Les ministres débattent de nouveaux pouvoirs pour l'UE sur les budgets nationaux
Les 27 ministres des finances de l'UE débattront de nouveaux transferts de pouvoir à la Commission européenne lors d'une réunion ce mardi (21 février). Ils examineront des propositions visant à renforcer le contrôle des budgets des Etats membres dans le sillage de la crise de la dette dans la zone euro.
Les 27 ministres des finances de l'UE débattront de nouveaux transferts de pouvoir à la Commission européenne lors d'une réunion ce mardi (21 février).
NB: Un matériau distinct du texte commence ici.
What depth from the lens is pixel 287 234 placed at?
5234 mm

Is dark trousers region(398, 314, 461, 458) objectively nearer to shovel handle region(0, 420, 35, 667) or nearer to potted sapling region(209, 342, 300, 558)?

Ils examineront des propositions visant à renforcer le contrôle des budgets des Etats membres dans le sillage de la crise de la dette dans la zone euro.
Les ministres des finances débattront pour la première fois sur le « paquet de deux » qui comprend des propositions permettant à Bruxelles de mieux contrôler les budgets nationaux.
Dans le cadre d'une proposition présentée en novembre dernier, la Commission européenne pourrait « administrer » les pays qui ont requis une aide financière internationale pour éviter la faillite.
Si ces deux projets de loi entraient en vigueur aujourd'hui, un tel programme de « surveillance renforcée » s'appliquerait à la Grèce, à l'Irlande et au Portugal, les trois pays qui bénéficient actuellement d'une aide accordée par l'UE et le FMI. En réalité, ils font déjà l'objet d'une telle surveillance et ces nouvelles lois ne feront qu’entériner cette pratique, ont affirmé des sources de l'UE.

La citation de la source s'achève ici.